# winter feeding a TBH



## Michael Bush (Aug 2, 2002)

I've known people who fed regular hives by simply dumping in sugar. I suppose you could put some at the back of the hive. But I just keep an open feeder all winter and when the weather is warm they can feed.


----------



## dmcdonald (Jun 16, 2003)

What do you use for an open feeder?


----------



## Michael Bush (Aug 2, 2002)

I have five, five gallon buckets with floats in them. Less makes for a lot of drowned bees because they get piled on top of each other. Open feeding requires enough space (buckets) that the bees can get to the syrup without drowning each other.

Here's the float:
http://incolor.inetnebr.com/bush/images/BucketFloat.JPG 

I have also put miller feeders out away from the hives and used those for open feeders. But the buckets are by far the easiest and cheapest method I've used.


----------



## Guest (Nov 30, 2004)

Hi David,

There aren't many winter feeding options once the winters are hard and the bees tightly clustered.
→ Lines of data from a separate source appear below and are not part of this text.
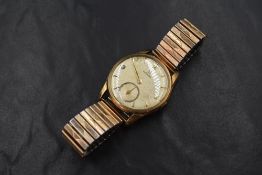 A gent's 1960's 9ct gold Omega manual wrist watch with plated stretch strap, the watch having Arabic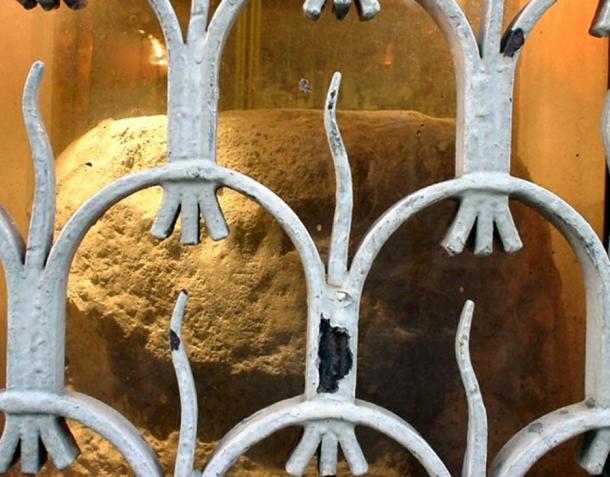 London Stone, seen through its protective grille. 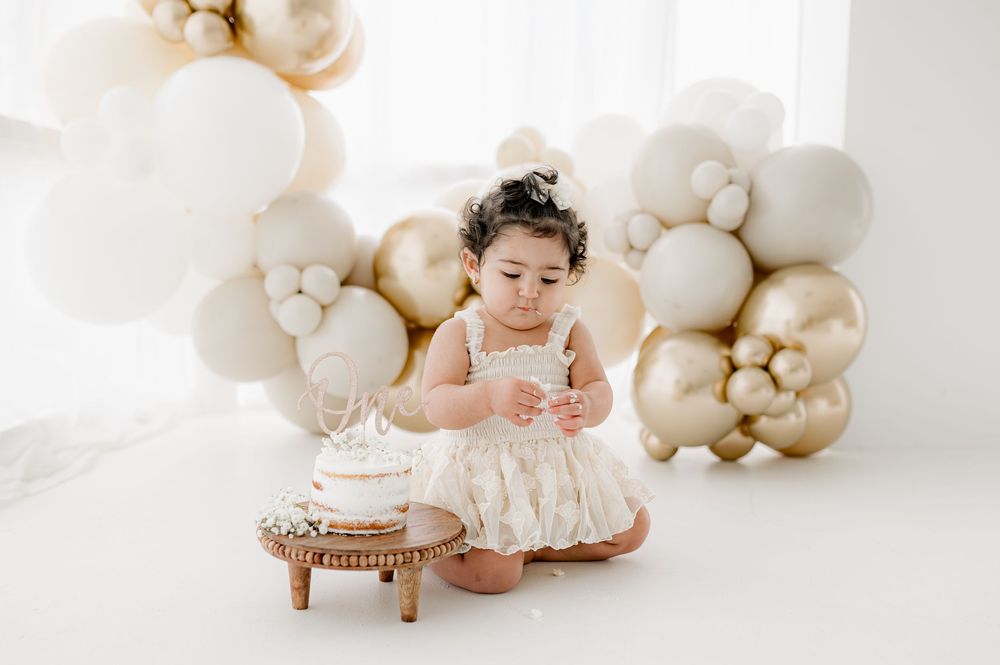 A series of muted cream and beige portrait photographs with white balloons and minimalist styling against a light backdrop.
I have fed standard nucs by dumping sugar on the bottom board and toward the back of the hive.

If the bees can break their cluster, fondant or sugar will work. Once they get accustomed to feeding there, they will even work in during the winter if necessary.

The really good news is that bees don't need much in the way of stores for most of the winter. I have kept hives in an indoor overwintering building and monitored weight loss. Most hives would loose less than 5 lbs/month throughout the winter and some of that weight is bee loss. The real weight losses occur once the bees become active in early spring. And at that time sugar at the rear of the hive would work great.

Regards
Dennis


----------



## MIKI (Aug 15, 2003)

I was so worried that I put a 5 liter can of syrup and a pound of fondant. I recently had a warm day and opened them up and found 90% of the fondant gone with a circle of bees around the rest.

------------------
Procrastination is the assination of inspiration.

Gary


----------